## RAW DATA:
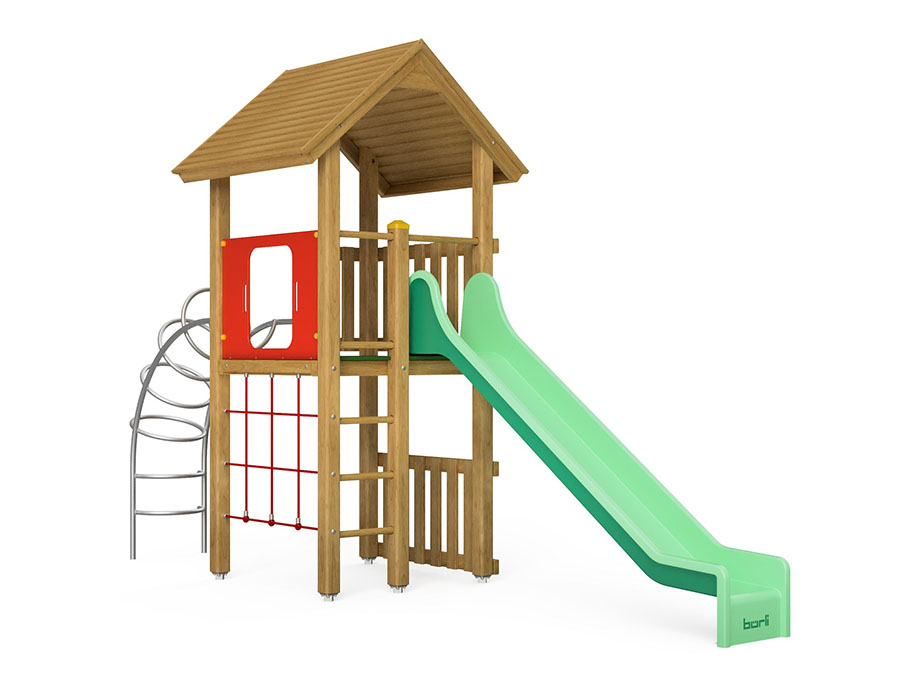 Spielturm-Kombination Kantholz, Podesthöhe 150 cm, Satteldach, Rutsche, mit Vertikalnetz Ansicht 2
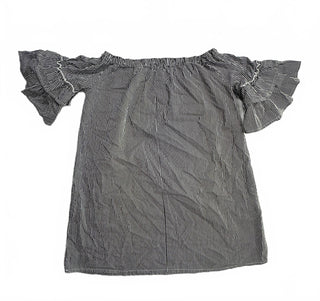 Rebellion Women's S Striped Off Shoulder Ruffle Top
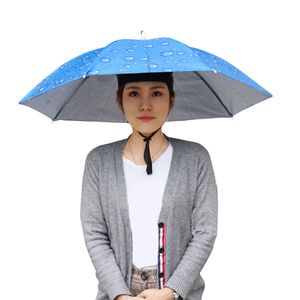 Sonnenschirm Hut Damen Herren Regenschirm Kappe Kopfbedeckung Outdoor Anglerhut (Blau)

## TASK PROMPT:
When you retype the listing above, keep each line exactly as written and drop the pictures.

## EXERCISE RESULT:
 Spielturm-Kombination Kantholz, Podesthöhe 150 cm, Satteldach, Rutsche, mit Vertikalnetz Ansicht 2
 Rebellion Women's S Striped Off Shoulder Ruffle Top
 Sonnenschirm Hut Damen Herren Regenschirm Kappe Kopfbedeckung Outdoor Anglerhut (Blau)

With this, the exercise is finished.